Velinari e pagnottisti – opportunamente istruiti dalle volpi argentate di Palazzo d’Orleans – fanno di tutto per assegnare allo scandalo di Cannes la dimensione di una piccola mela un po’ bacata: cose che succedono nella Sicilia irredimibile delle coppole storte, dove quattro picciotti, sbracati e arruffoni, volevano riempirsi gli occhi con femmine e cinematografo. Invece no. Man mano che si alzano i veli dell’affare viene fuori la verità: l’assessorato al Turismo è stato per tre anni – da quando Nello Musumeci ha silurato Sandro Pappalardo e ha messo al suo posto Manlio Messina, detto il Balilla – il bancomat per le operazioni più spregiudicate; per un gioco grande che partiva da Roma, attraversava la Sicilia, e arrivava pure in Lussemburgo. Le cifre parlano chiaro. Milioni di euro hanno allietato i bilanci di Mediaset, della Rai, di Urbano Cairo; ma ben altri fiumi di denaro pubblico sono finiti nelle casse, incontrollate e inaccessibili, di una società composta da tre dipendenti e con sede in un paradiso fiscale. Con la banalissima scusa di pubblicizzare il brand della Sicilia, Manlio Messina, conosciuto nel giro come “Mister Spendi e Spandi”, si inventava manifestazioni di ogni genere e qualità, occupava con faraonici programmi le centrali dello spettacolo – dall’Orchestra sinfonica al Brass al Bellini Festival – coinvolgeva amici e camerati, e attivava il bancomat. Quelli che lui programmava erano, ovviamente, eventi da pubblicizzare. E così partivano altri milioni per Mediaset, per la Rai, per l’impero di Urbano Cairo. Da un calcolo sommario, che la Corte dei Conti sta comunque passando a setaccio, sembra che nei tre anni del suo regno il rocambolesco assessore abbia impegnato e macinato qualcosa come 130 milioni di euro. Una festa continua.
Poi, quando ha creduto che i tempi fossero maturi, il Balilla ha deciso di fare il salto e raccogliere i frutti del suo impegno. I gerarchi romani, grati per tutto il lavoro svolto, gli hanno spalancato le porte della Camera dei Deputati.
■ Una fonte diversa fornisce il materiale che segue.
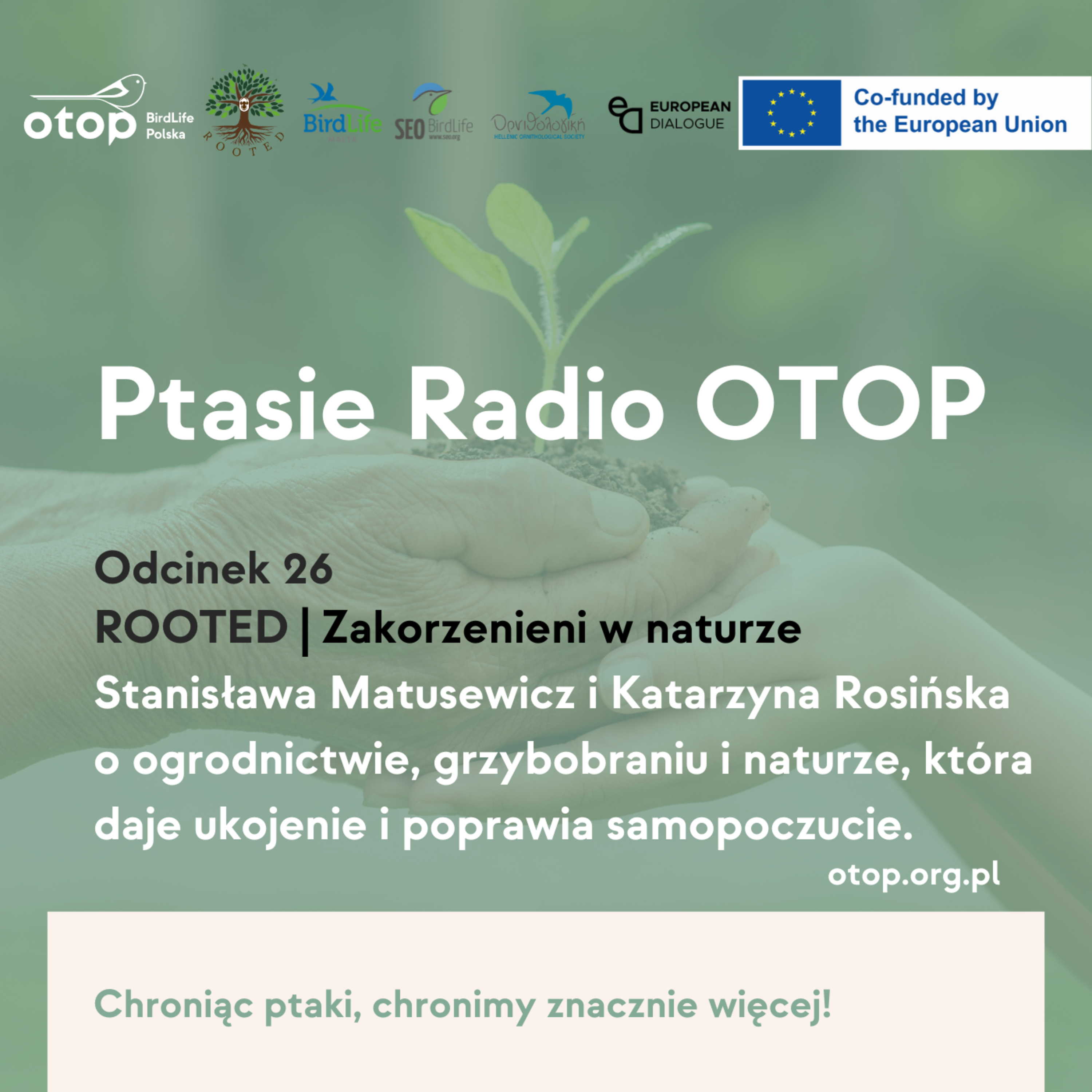 Odc. 26 | Stanisława Matusewicz i Katarzyna Rosińska o ogrodnictwie, grzybobraniu i naturze, która daje ukojenie i poprawia samopoczucie episode artwork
Ma restava in piedi un problema: a chi affidare l’assessorato al Turismo? Il presidente della Regione, Renato Schifani, voleva fare di testa sua: credeva, poveretto, di essere il padrone del vapore. Ma lo stato maggiore di Fratelli d’Italia – con in testa Francesco Lollobrigida, potente cognato di Giorgia Meloni – lo ha richiamato subito all’ordine e nottetempo gli ha intimato di assegnare il Turismo a Francesco Scarpinato, un maresciallo dell’esercito già trombato alle elezioni regionali. Schifani, come un don Abbondio alle prese coi Bravi, rispose di sì. E vissero tutti felici e contenti.
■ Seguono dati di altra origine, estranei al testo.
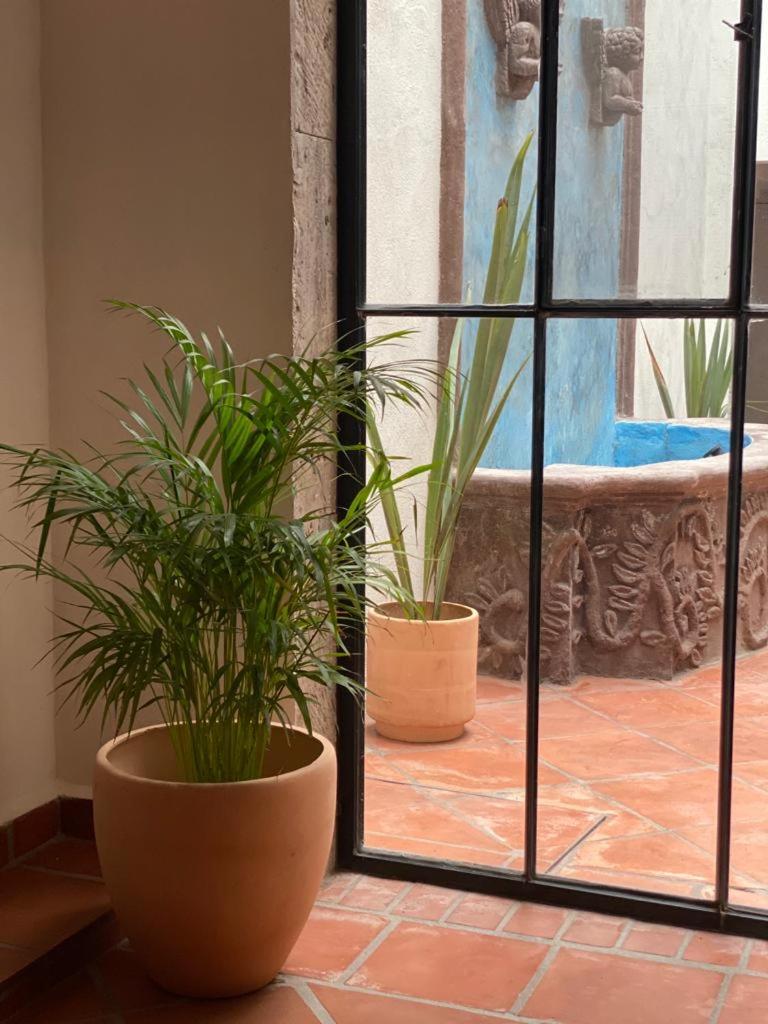 Casa Laberinto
La favola nera che abbiamo sin qui raccontato illumina molti passaggi della politica; passaggi che fino a qualche mese fa non era facile decriptare. Le vicende venute a galla in questi ultimi giorni, ad esempio, spiegano perché il vertice di Fratelli d’Italia ha fatto fuoco e fiamme per riconfermare Nello Musumeci al vertice di Palazzo d’Orleans. E spiega anche perché l’ex governatore è stato comunque risarcito con un ministero vuoto ma pur sempre un ministero. Gli andava riconosciuto un merito incancellabile: avere silurato Pappalardo ed elevato al trono il Balilla. Non solo. La favola nera getta una luce sinistra anche su un vecchio episodio lanciato con un sorprendente e spropositato clamore da Livesicilia: “Trema la Palermo dei quartieri alti”, avvertiva il direttore di quel sito preannunciando uno scoop da fine del mondo con i toni alti dell’Apocalisse, versetto 19: “Le isole fuggirono e le montagne non si ritrovarono mai più”. Era successo che il Balilla aveva denunciato alla Procura della Repubblica una giovane musicista che gli chiedeva un finanziamento per tenere un concerto chissà dove. Lei, o chi per lei, aveva lasciato intravedere, con un whatsapp a metà tra l’ingenuità e la malizia, l’ipotesi che nel progetto potesse anche rientrare una “offerta” al partito dell’assessore. Apriti cielo. Il Balilla impugnò la bandiera del moralismo e montò una campagna di stampa che gli consentì di gonfiarsi il petto e di sbandierare ai quattro venti il proprio rigore e la propria incorruttibilità. Di incoronarsi, con gorgheggi tenorili, eroe della trasparenza e della legalità. Un colossale bluff. Uno dei tanti.